Presumptions are the result of human experience and reason as applied to the course of nature and the ordinary flow of life. If a man and woman are found alone in suspicious circumstances the law presumes that they were not there to say their prayers and the divorce laws would take this as evidence as adultery. Presumptions are the result of legal reasoning, in its application to particular subjects. Presumptions are aids to the reasoning and argumentation, which assume the truth of certain matters for the purpose of some given inquiry. As according to Thaver, “presumptions may be grounded on general experience, or probability of any kind or merely on policy of convenience. “
Presumptions have usually been classified into those of facts and of law and those which are rebuttable and those which are conclusive.
In Sodhi Transport Co. v. State of UP Supreme Court observed that a presumption is not in itself evidence but only makes a prima facie case for party in whose favour it exists. It helps to decide the person on whom the burden of proof lies. When presumption is conclusive, it obviates the production of any other evidence. But when it is rebuttable it only points out the party on whom lies the duty of going forward with evidence on the fact presumed, and when that party has produced evidence fairly and reasonably tending to show that the real fact is not as presumed the purpose of presumption is over. Rebuttable presumptions can be overthrown by evidence while irrebuttable ones are conclusive. Presumption of law are arbitrary consequences expressely annexed by law to particular facts and they may be conclusive or rebuttable.
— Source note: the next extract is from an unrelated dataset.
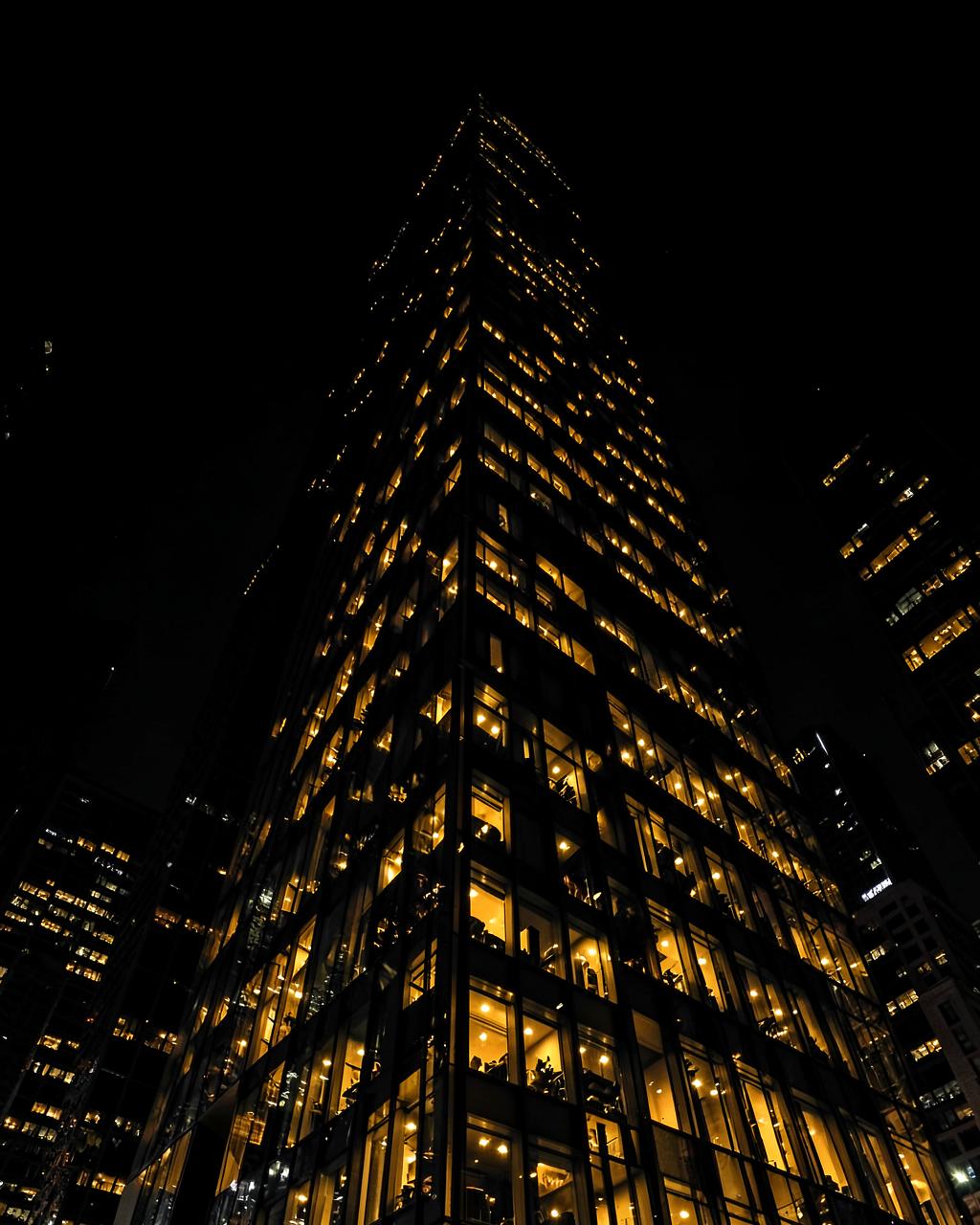 Edifício corporativo iluminado em dourado à noite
Presumptions of fact are inferences which which the mind naturally and logically draws from given facts, irrespective of their legal effect.They are always rebuttable in nature.
Evidence law also lays down several such presumptions of fact and of law. Section 113 A stipulates a presumption as to abetment of suicide by a married woman on completion of three conditions given under the section. On their fulfilment, Court presumes that the husband or his relatives abetted her suicide and the burden of proof lies on her husband and his relatives. Section 113 B speaks about presumption as to dowry death. The presumption of dowry death arises from the fact of cruelty and harassment soon before death within 7 years of marriage.
According to Section 114 Court may presume existence of certain facts regard being had to the common course of natural events, human conduct. For example, law considers an accomplice unworthy of credit unless he is corroborated in material particulars. Section 114 A relates to presumption as to consent of the rape victim u/s 376 of IPC. This section was added in consequence to Mathura rape case. Presumptions aid court in giving direction to the case easing the factual defects.